Other teams had things that sounded like higher frequency wind-chimes, or just pure noise.

Dorkbot Cacophony from binarymillenium on Vimeo.


Animated gif of height map

animated gif of height map

Source code is here:


One interesting thing I discovered is that animated gifs with an alpha channel don't just let the back ground of the web page show through, they also don't clear the last frame of the gif- which was confusing for this gif before I blackened the background with ImageMagick:

for i in *png; do convert $i -background black -flatten +matte flat_$i; done
convert flat*png velodyne_hgt.gif

Velodyne Lidar Sample Data

Applying the db.xml calibration file

As with the pcap parsing, I originally thought I'd look into Python xml parsing. I'm sure if I was really interested in parsing xml I would have tried some of them out, but the interface I was hoping to find would look like this

import pyxmlthing
a = pyxmlthing.load("some.xml")
some_array= a.item('9').rotCorrection

And I would have an array of all the rotCorrections of all the items of type 9. Instead I found a several xml parsers that required tons of code to get to a point where I'm still not sure if I could get at the rotCorrections or not. Which may be why I don't care for xml, flat-files are it.

So I just used vim to strip all the xml out and leave me with a nice text file that looks like this

0, -3.8, -7.0046468, 20, 21.560343, -2.5999999
1, -1.5, -6.7674689, 26, 21.516994, 2.5999999
2, 5, 0.44408101, 28, 20.617426, -2.5999999
3, 6.8000002, 0.78093398, 32, 20.574717, 2.5999999

Where the first column is the laser index (0-63), the next might be the rotCorrection and so on.

To apply the calibration data, it's very important that the indexing derived from the raw data is correct- reading the 0xDDEE vs. the 0xDDFF (or similar) that designates upper or lower laser block is important.

The velodyne manual doesn't have a good diagram that shows the xyz axes and what is positive or negative direction for both the original lidar angle and the correction angles and offsets, so some experimentation is necessary there. The manual did mention it in this case the rotCorrection had to be subtracted from the base rotation angle. The vertical and horizontal offset are pretty minor for my visualization but important for accurate measurements obviously.

Processing viewer

Using Aaron Koblin's House of Cards SceneViewer as a starting point, I wrote code to take the point cloud data and display it:

Monterey Full from binarymillenium on Vimeo.

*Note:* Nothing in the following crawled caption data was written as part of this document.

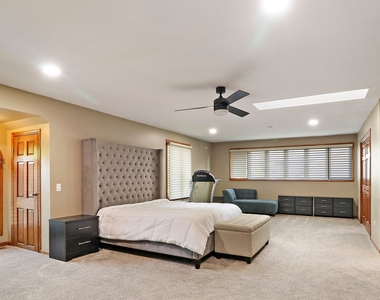 196 Rosedale Court - Photo Thumbnail 17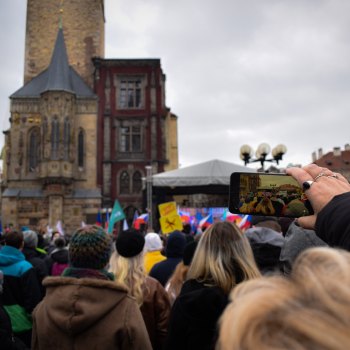 Reportáž: Lidé se opět vzepřeli vládě, tentokrát na demonstraci - foto č. 2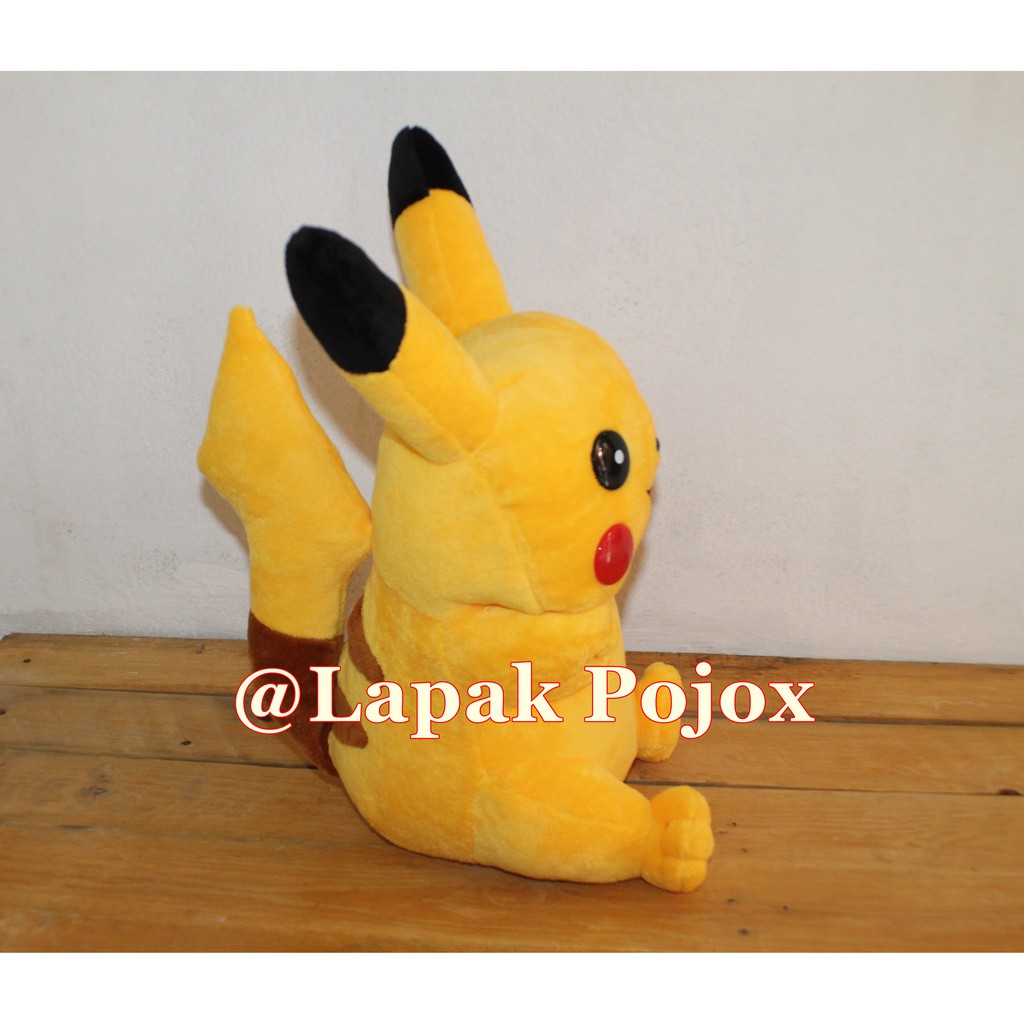 Boneka Pikachu Pokemon Go size M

The data was split into files each containing a million data points and spanning a second in time. With some testing I found the lidar was spinning at about 10 Hz (of the possible 5, 10, or 15 Hz), so I would bite off 1/10 of the file and display that in the current frame, then the next 1/10th for the next frame, and then load the next file after 10 frames. A more consistent approach would be to split the data into a new text file for each frame.

Next Steps

Right now I'm running a large job to process each point-cloud frame into png height-map files as I did for the Radiohead data. It doesn't work as well with the 360 degrees of heights- some distances just have to be cut off and ignored to keep the resolutions low (although with the png compression having large empty spaces doesn't really take up any additional room). A lot of detail is lost on the nearby objects compared to a lot of empty space between distant objects.

So either using that data or going back to processing the raw point cloud, I'd like to track features frame-to-frame and derive the vehicle motion from them. I suspect this will be very difficult. Once I have the vehicle motion, I could create per-frame transformations that could create one massive point cloud or height map where still objects are in their proper places and other vehicles probably become blurs.

After that, if I can get a dataset from Velodyne or another source where a moving ground lidar moves in a circle or otherwise intersects its own path somewhere, then the proof that the algorithm works will be if in that big point cloud that point of intersection actually lines up. (though I suspect again that more advanced logic is need to re-align the data after the logic determines that it has encounter features that it has scene before).